Конан Дойл решается на необычный литературный прием — он размывает границы между фактом и выдумкой, помещает в рассказы завуалированную «версию» себя самого, заставляя Ватсона твердить, что его записки совершенно достоверны. Трюк этот — как и все лучшие трюки — имеет последствия, которых автор не предвидел. Тысячи людей многие годы надеются связаться с Холмсом и шлют письма по адресу Бейкер-стрит, 221Б (где специально назначенные служащие Национального банка Эбби, у которого там контора, читают их и пишут на них ответы). Такая уловка вызвала радостное недоумение по крайней мере у одного проницательного читателя: «Стоит заговорить о Холмсе, и нам неизменно кажется, будто он и впрямь существует, — признается Т. С. Элиот. — Наверное, это и есть величайшая загадка Шерлока Холмса». Шерлоковедение возникло именно потому, что поклонники великого детектива стали забавы ради утверждать, будто принимают вымысел за реальность.
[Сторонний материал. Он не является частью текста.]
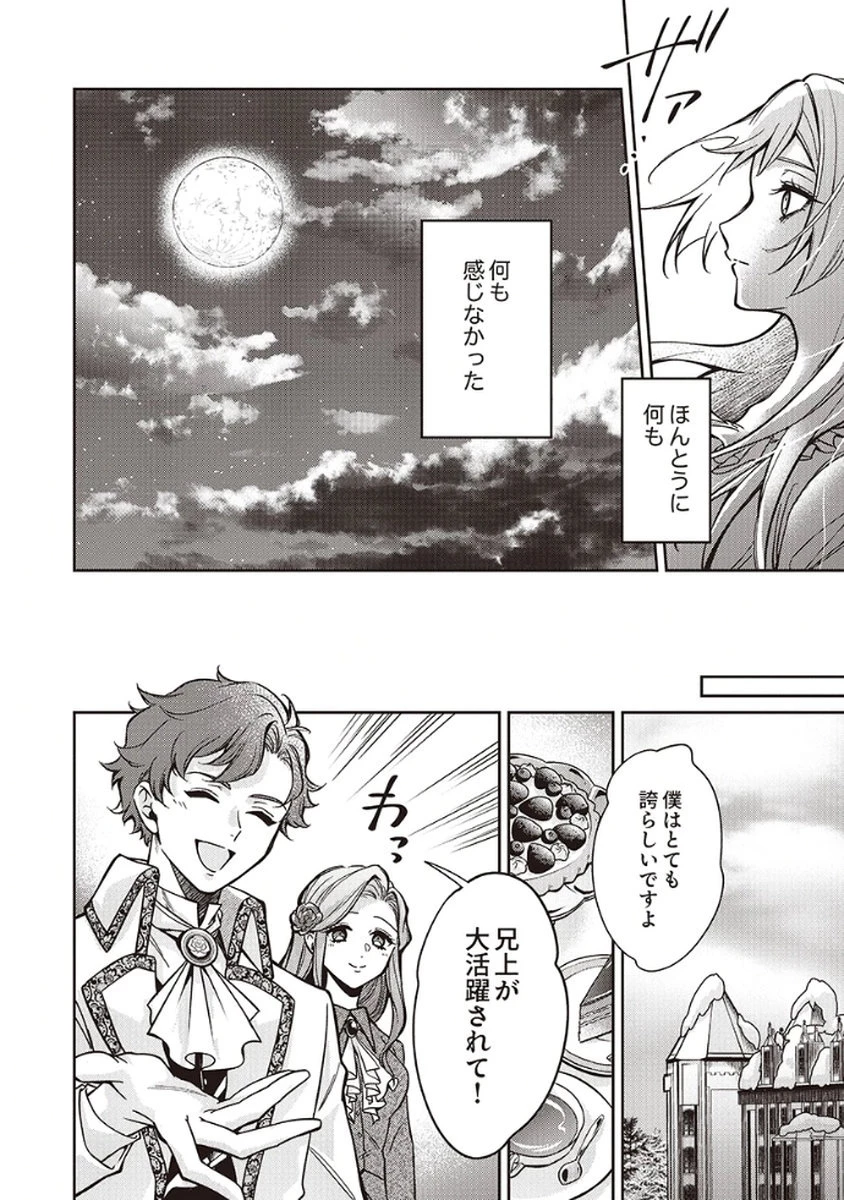 虐げられていた身代わり令嬢が呪われ王子に溶けるほどに愛されるまで 第10話 - 18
Однако племя шерлокианцев — то занятное, то скучное (нередко и то и другое одновременно, впрочем, если честно, обычно не первое) — не появилось бы, если бы не торопливость и небрежение самого автора. Первые двадцать четыре рассказа о Холмсе появились за два с половиной года — точнее, за двадцать девять месяцев. Эти рассказы изобилуют противоречиями, пробелами и любопытными ошибками — как раз из-за спешки писателя. После первой партии последовал десятилетний перерыв, а в мире Холмса и Ватсона прошло два года (после «смерти» Холмса в объятиях Мориарти в Рейхенбахском водопаде). За это время Конан Дойл забыл многие детали из жизни Ватсона и Холмса (воскрешенного), что привело к новым противоречиям и ошибкам. Весьма щекотливый вопрос о жене Ватсона Мэри, которая оказывается то первой, то второй женой, а затем то ли умирает, то ли нет, — самый известный пример такой авторской торопливости.
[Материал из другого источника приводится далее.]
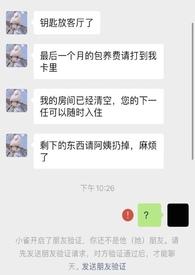 yao雀
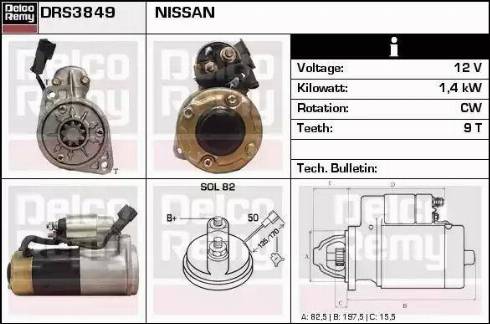Remy DRS3849 - Starteris ps1.lv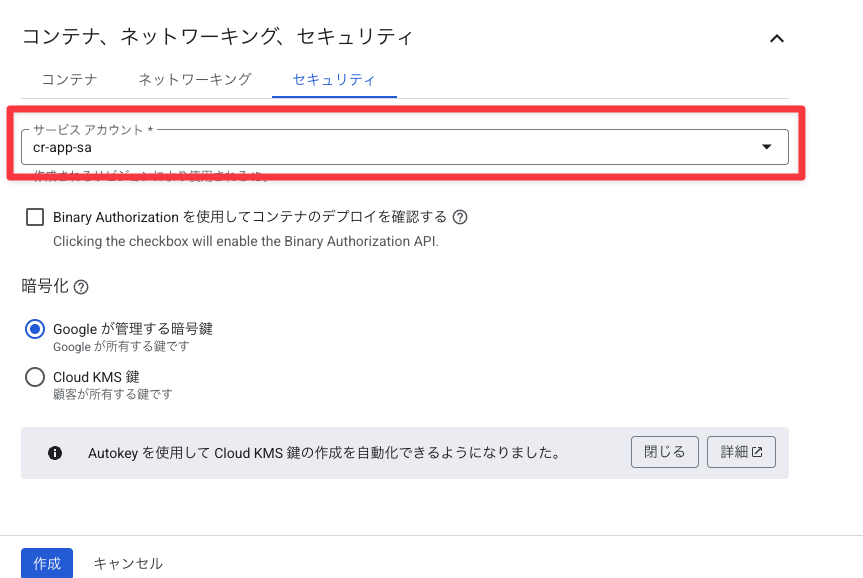 サービスアカウント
Таким образом, рассказы о Холмсе строятся вокруг ряда пробелов. Некоторые пробелы существуют лишь затем, чтобы их заполнили интуиция и умозаключения Великого Сыщика; это тайны, которые необходимо раскрыть, как в деле с пропавшими чертежами субмарины Брюса-Партингтона. Другие лакуны Конан Дойл умышленно намечает и оставляет незаполненными с тем, чтобы создать вокруг историй атмосферу большей подлинности. Прежде всего это знаменитые аллюзии на другие неопубликованные и даже неописанные случаи — по мнению Ватсона и Холмса, слишком скандальные, компрометирующие или ужасные. Самый известный из них — дело о гигантской крысе с Суматры, «история», как нас изящно предостерегают, «к которой мир еще не готов». Кроме того, налицо явные недочеты, появившиеся лишь из-за авторской небрежности, будь то хронология рассказов или жизнь персонажей: к примеру, чрезвычайно скудные сведения об университетской карьере Холмса или, как уже говорилось выше, странная, полная недомолвок история жены Ватсона Мэри, которая вдруг исчезает из рассказов. Вызывает также недоумение удивительная блуждающая рана от афганской пули, угодившей Ватсону то ли в плечо, то ли в ногу.
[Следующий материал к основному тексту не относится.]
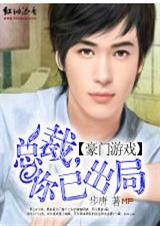 豪门游戏:总裁,你已出局封面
В эти пробелы и устремился поток мнимоученых шерлокианцев. Девяносто лет назад монсеньор Рональд А. Нокс издал «Исследования произведений о Шерлоке Холмсе» — пример упорной и невозмутимой английской глупости. С тех пор авторы холмсоведческих трудов — люди как известные, так и безвестные — проявляют не меньшее упрямство, глупость (порой намеренную) и глухоту, пытаясь заполнить пробелы, которые оставил в рассказах Конан Дойл. Они играют в игру, начатую самим писателем, — делают вид, будто истории подлинные, а Холмс и Ватсон были реальными людьми. С этой точки зрения, шерлокианцы или холмсианцы (в рифму к картезианцам), как они называют себя в Великобритании (см. «Новое аннотированное издание…») — настоящие чада Конан Дойла. Он сам вызвал их к жизни.